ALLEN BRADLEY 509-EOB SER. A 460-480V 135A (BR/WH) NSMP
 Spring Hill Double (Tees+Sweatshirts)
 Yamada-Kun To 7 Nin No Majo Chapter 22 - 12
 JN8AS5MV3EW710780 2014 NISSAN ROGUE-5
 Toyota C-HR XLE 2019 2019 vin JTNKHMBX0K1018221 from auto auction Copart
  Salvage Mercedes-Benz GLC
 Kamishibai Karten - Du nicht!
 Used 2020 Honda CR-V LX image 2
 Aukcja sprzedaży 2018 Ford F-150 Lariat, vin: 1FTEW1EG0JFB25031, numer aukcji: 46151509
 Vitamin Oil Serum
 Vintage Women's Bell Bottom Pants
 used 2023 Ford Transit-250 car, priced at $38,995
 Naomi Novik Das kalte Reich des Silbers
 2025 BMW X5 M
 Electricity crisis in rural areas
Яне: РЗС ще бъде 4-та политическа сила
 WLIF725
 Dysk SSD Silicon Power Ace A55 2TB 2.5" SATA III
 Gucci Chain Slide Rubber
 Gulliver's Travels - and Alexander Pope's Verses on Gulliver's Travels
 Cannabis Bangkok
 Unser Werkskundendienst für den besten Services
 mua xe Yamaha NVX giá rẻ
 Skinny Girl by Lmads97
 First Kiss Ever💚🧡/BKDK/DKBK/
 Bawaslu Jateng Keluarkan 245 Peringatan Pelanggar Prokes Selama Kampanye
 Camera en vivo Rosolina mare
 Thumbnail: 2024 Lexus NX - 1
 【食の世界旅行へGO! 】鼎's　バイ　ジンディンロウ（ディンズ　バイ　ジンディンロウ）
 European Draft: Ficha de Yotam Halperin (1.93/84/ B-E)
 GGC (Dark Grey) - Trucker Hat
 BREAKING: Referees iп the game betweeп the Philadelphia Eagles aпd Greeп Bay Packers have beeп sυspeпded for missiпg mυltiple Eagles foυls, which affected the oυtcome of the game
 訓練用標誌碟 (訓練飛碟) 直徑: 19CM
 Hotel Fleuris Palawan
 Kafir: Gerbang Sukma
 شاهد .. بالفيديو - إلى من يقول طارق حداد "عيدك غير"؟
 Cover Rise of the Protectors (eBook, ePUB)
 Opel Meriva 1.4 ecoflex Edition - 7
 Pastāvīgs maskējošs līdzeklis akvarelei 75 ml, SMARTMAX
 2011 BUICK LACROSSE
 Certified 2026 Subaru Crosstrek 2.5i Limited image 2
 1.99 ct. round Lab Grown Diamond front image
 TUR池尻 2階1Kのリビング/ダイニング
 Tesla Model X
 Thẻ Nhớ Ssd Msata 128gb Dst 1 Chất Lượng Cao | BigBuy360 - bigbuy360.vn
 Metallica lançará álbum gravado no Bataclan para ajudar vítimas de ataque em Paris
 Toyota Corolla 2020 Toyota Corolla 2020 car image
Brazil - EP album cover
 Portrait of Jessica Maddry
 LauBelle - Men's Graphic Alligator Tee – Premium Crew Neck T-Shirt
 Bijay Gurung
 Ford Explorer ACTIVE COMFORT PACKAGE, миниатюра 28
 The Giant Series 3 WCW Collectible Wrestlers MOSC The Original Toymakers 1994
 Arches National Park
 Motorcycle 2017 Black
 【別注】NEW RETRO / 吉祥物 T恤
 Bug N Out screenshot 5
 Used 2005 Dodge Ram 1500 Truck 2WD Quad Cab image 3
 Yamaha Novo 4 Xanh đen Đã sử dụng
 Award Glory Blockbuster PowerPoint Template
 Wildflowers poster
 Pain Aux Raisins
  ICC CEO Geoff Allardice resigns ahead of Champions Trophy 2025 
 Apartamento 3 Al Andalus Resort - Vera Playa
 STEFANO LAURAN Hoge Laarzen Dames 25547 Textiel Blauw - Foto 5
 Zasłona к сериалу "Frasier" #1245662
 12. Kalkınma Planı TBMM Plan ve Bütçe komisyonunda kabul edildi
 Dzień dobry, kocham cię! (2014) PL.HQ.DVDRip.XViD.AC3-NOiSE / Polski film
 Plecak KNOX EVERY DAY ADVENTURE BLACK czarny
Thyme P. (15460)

--

◆ **EXERCISE DESCRIPTION**: Retype exactly the lines from the one containing "Toyota Corolla 2020 Toyota" through the end of the data. Add nothing.

◆ **ANSWER SECTION**:
 Toyota Corolla 2020 Toyota Corolla 2020 car image
Brazil - EP album cover
 Portrait of Jessica Maddry
 LauBelle - Men's Graphic Alligator Tee – Premium Crew Neck T-Shirt
 Bijay Gurung
 Ford Explorer ACTIVE COMFORT PACKAGE, миниатюра 28
 The Giant Series 3 WCW Collectible Wrestlers MOSC The Original Toymakers 1994
 Arches National Park
 Motorcycle 2017 Black
 【別注】NEW RETRO / 吉祥物 T恤
 Bug N Out screenshot 5
 Used 2005 Dodge Ram 1500 Truck 2WD Quad Cab image 3
 Yamaha Novo 4 Xanh đen Đã sử dụng
 Award Glory Blockbuster PowerPoint Template
 Wildflowers poster
 Pain Aux Raisins
  ICC CEO Geoff Allardice resigns ahead of Champions Trophy 2025 
 Apartamento 3 Al Andalus Resort - Vera Playa
 STEFANO LAURAN Hoge Laarzen Dames 25547 Textiel Blauw - Foto 5
 Zasłona к сериалу "Frasier" #1245662
 12. Kalkınma Planı TBMM Plan ve Bütçe komisyonunda kabul edildi
 Dzień dobry, kocham cię! (2014) PL.HQ.DVDRip.XViD.AC3-NOiSE / Polski film
 Plecak KNOX EVERY DAY ADVENTURE BLACK czarny
Thyme P. (15460)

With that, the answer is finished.